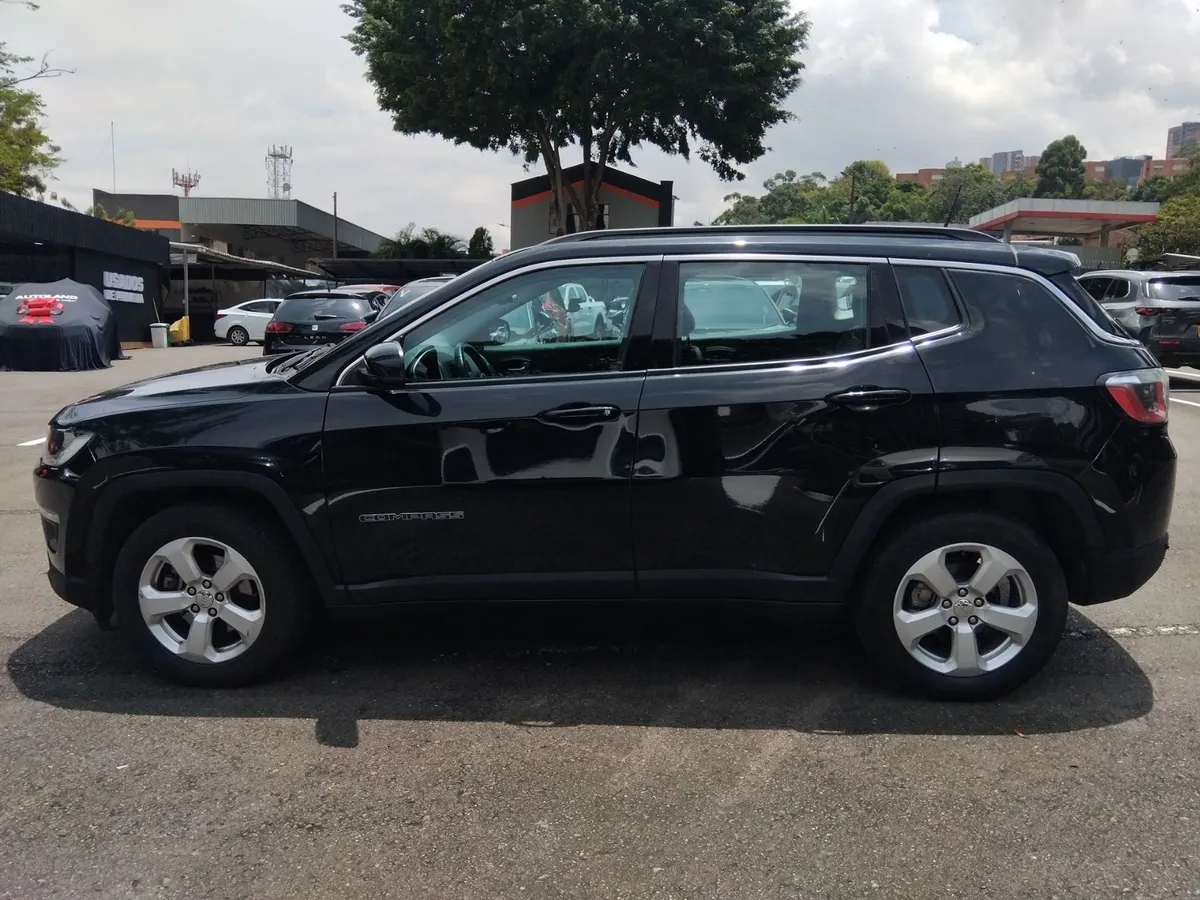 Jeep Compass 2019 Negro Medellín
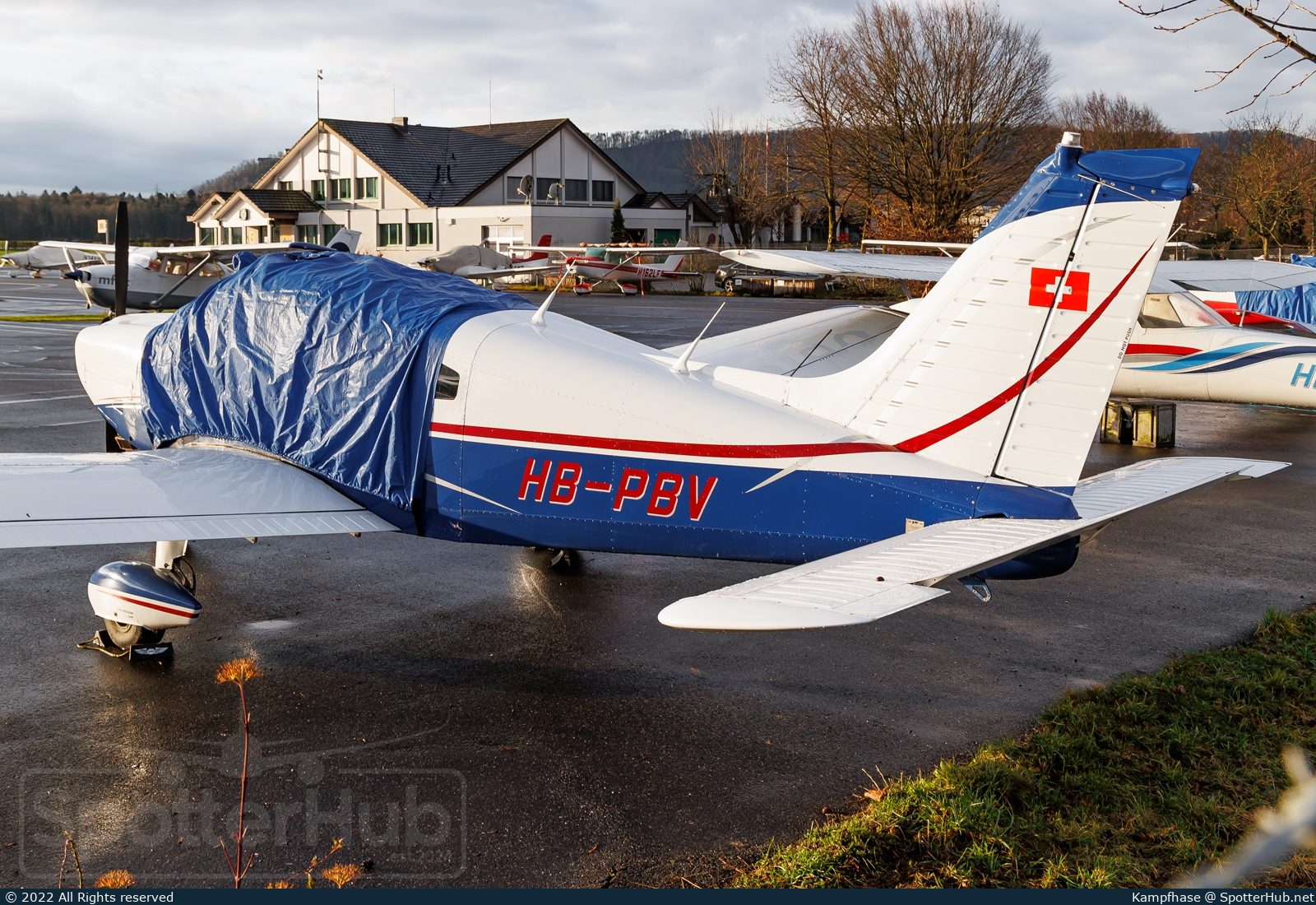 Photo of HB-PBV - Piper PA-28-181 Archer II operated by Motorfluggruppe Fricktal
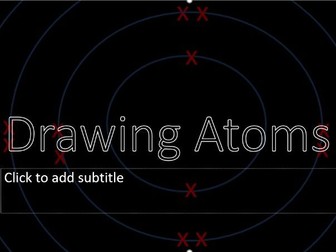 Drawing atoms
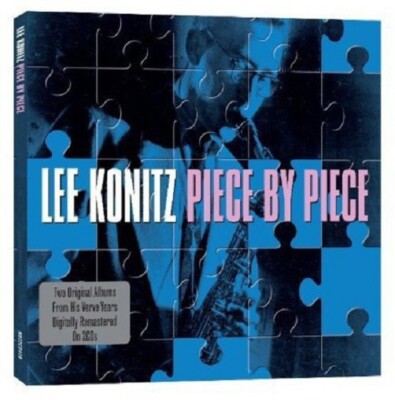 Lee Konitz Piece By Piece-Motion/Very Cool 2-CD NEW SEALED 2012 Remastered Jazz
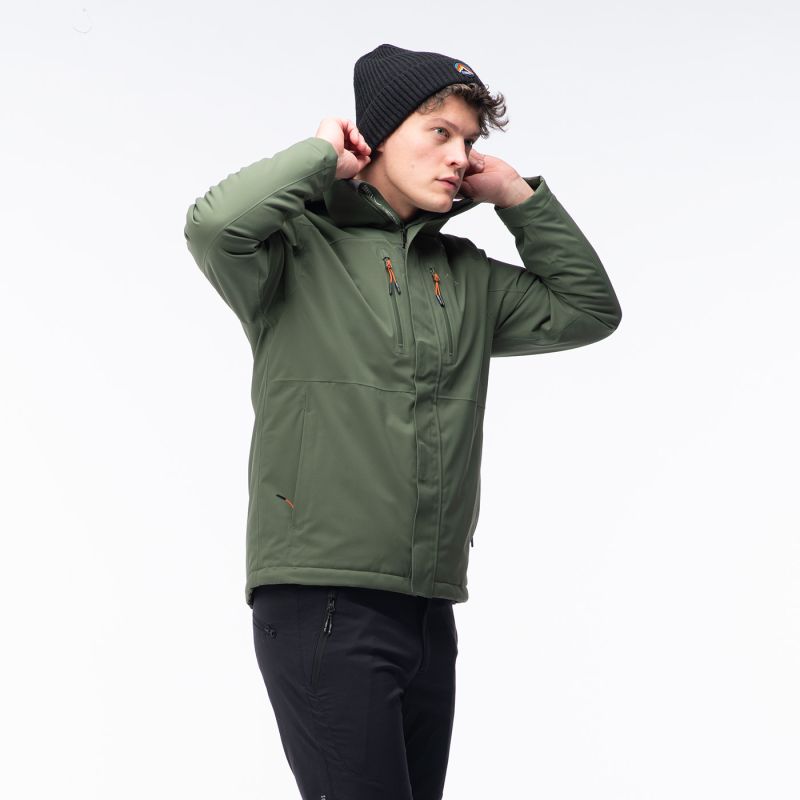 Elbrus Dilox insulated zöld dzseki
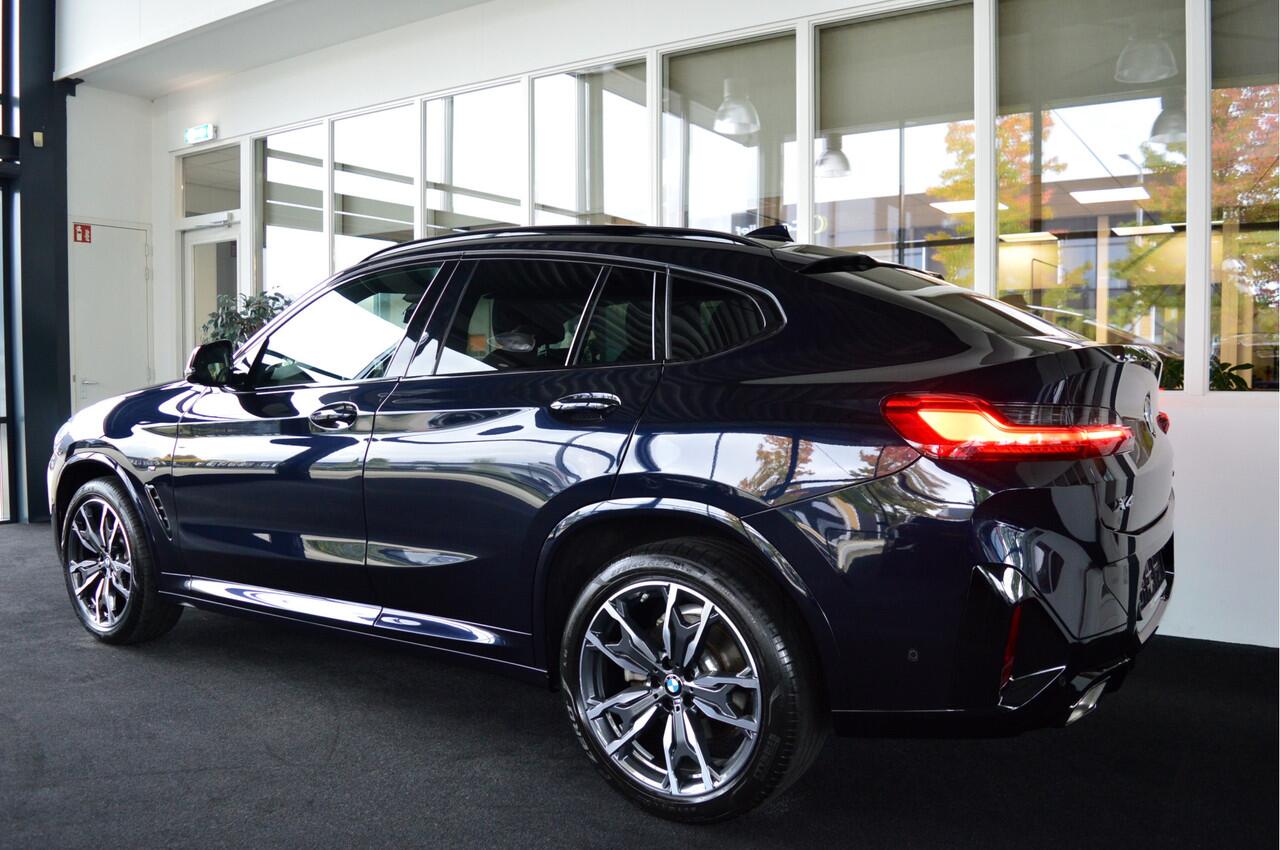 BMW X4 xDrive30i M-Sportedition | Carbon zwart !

**TASK DETAILS:**
Up to and including the last line of the listing, starting at the line with "Elbrus Dilox insulated zöld dzseki", extract every line exactly and leave out the pictures.

**COMPLETED TASK:**
 Elbrus Dilox insulated zöld dzseki
 BMW X4 xDrive30i M-Sportedition | Carbon zwart !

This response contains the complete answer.